The Kouwenhoven station on the Bay Ridge Branch, at East 56th Street near Ditmas Avenue in East Flatbush, has been long eliminated and today, a much widened version of Kings Highway crosses where it had been. The station no doubt was named for the Kouwenhoven mansion that stood nearby.
Until the 1920s when the prevailing grid of Bay Ridge and Borough Park was built out in what was the Town of New Utrecht, a country road called Kouwenhoven Lane zigged and zagged across the fields. It became disused and later houses were constructed on its old route.

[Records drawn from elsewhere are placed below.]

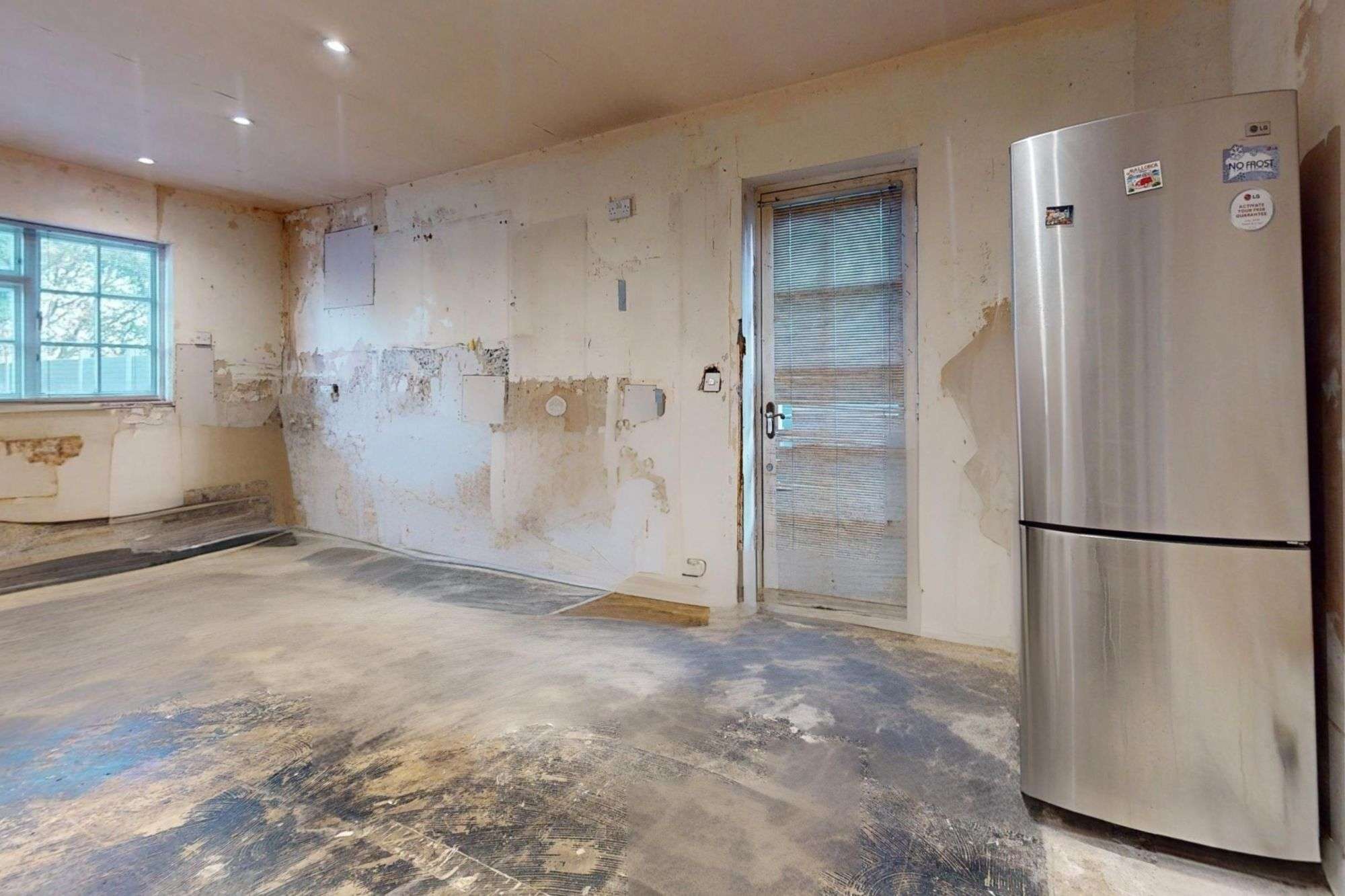 42b Oakleigh Park South, Whetstone, London N20 9JN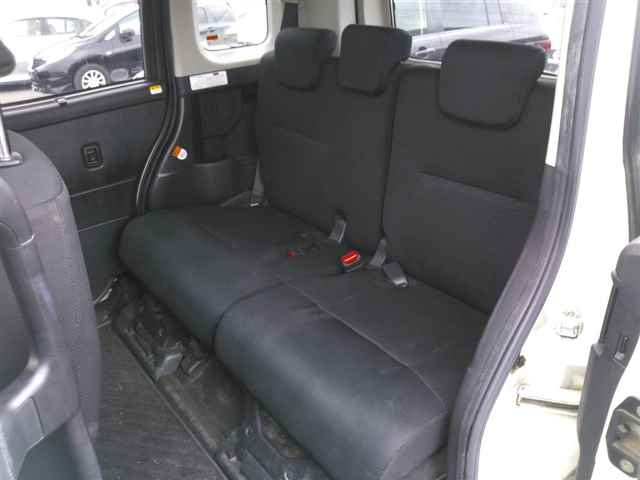 TOYOTA ROOMY 2016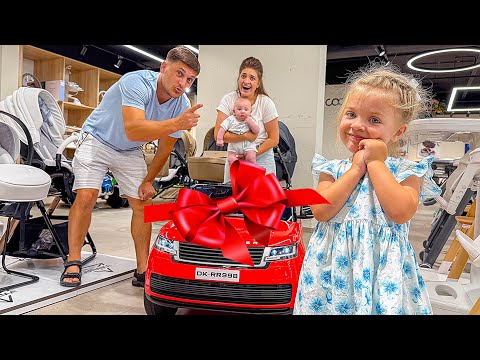 Melania's first CAR/unusual birthday gift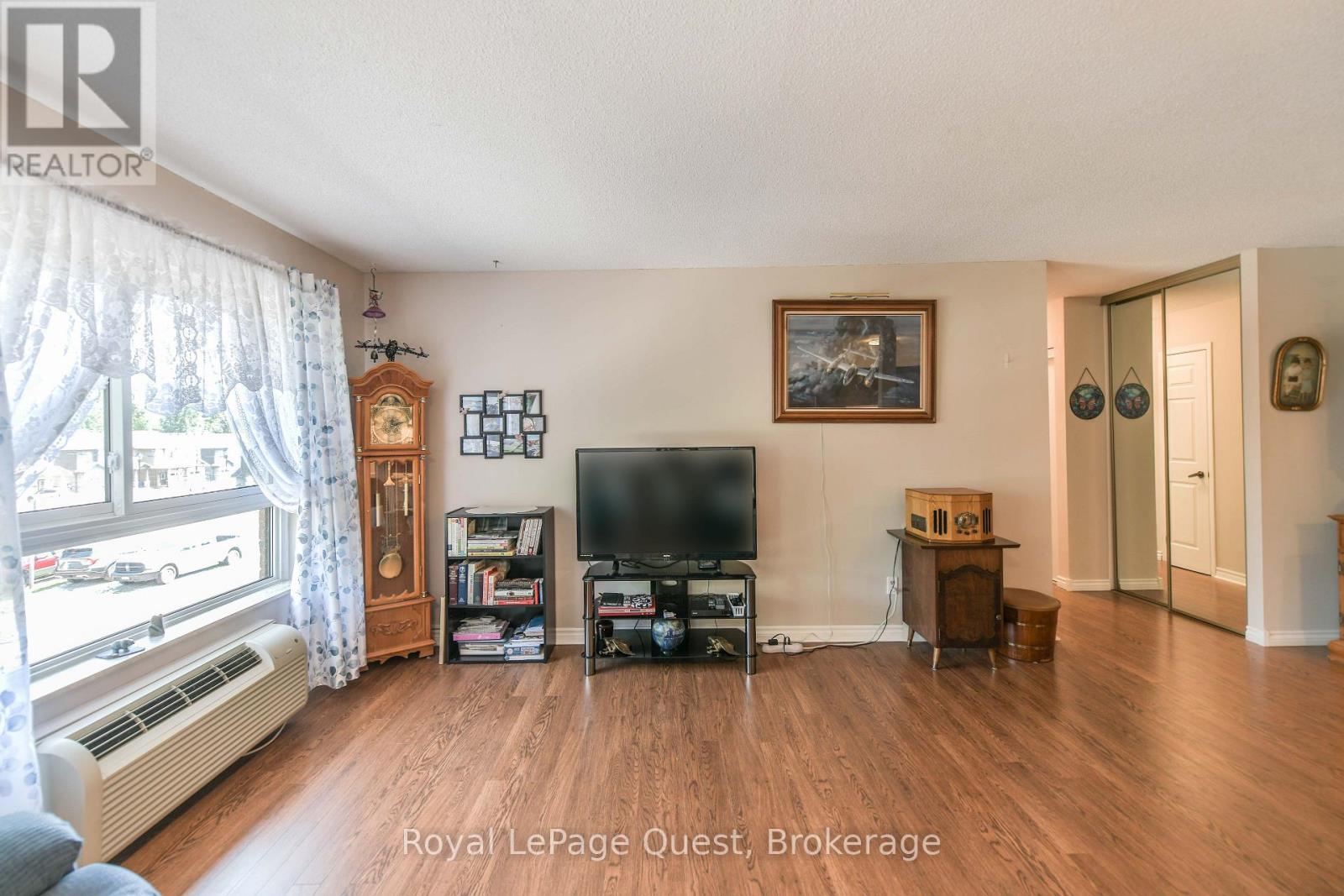 307 - 1047 Mississaga Street W, Orillia, Ontario  L3V 3C7 - Photo 11 - S13631396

Most maps spell this lane “Cowenhoven.”
The only trace of that Kouwenhoven Lane is an especially wide driveway at 5th Avenue and Senator Street near Lief Ericson Park.
The trickiest Kouwenhoven Lane to locate is way out in eastern Sheepshead Bay near what is now one of the smelliest sewage treatment plants in the city (and in a residential area to boot) at Avenue Y and Knapp Street. If you follow Avenue Z east and turn right on Ford, you will find a short lane angling off to the southeast. This 1890 map shows it as one of three such lanes that existed before the present streets, shown in a buff color, were built.
Moving forward to 1929, we see that the street grid was still not yet built out for the most part; the red, purple and yellow squares are houses. At Avenue Z at Ford and Coyle Streets, you still see the three angled lanes, with dwellings lining them.
In the postwar years, these streets were fully built out, and the properties in mapped roadbeds were purchased and condemned by the city. However, one of these former lanes, that I understand was called Kouwenhoven Lane, is still there…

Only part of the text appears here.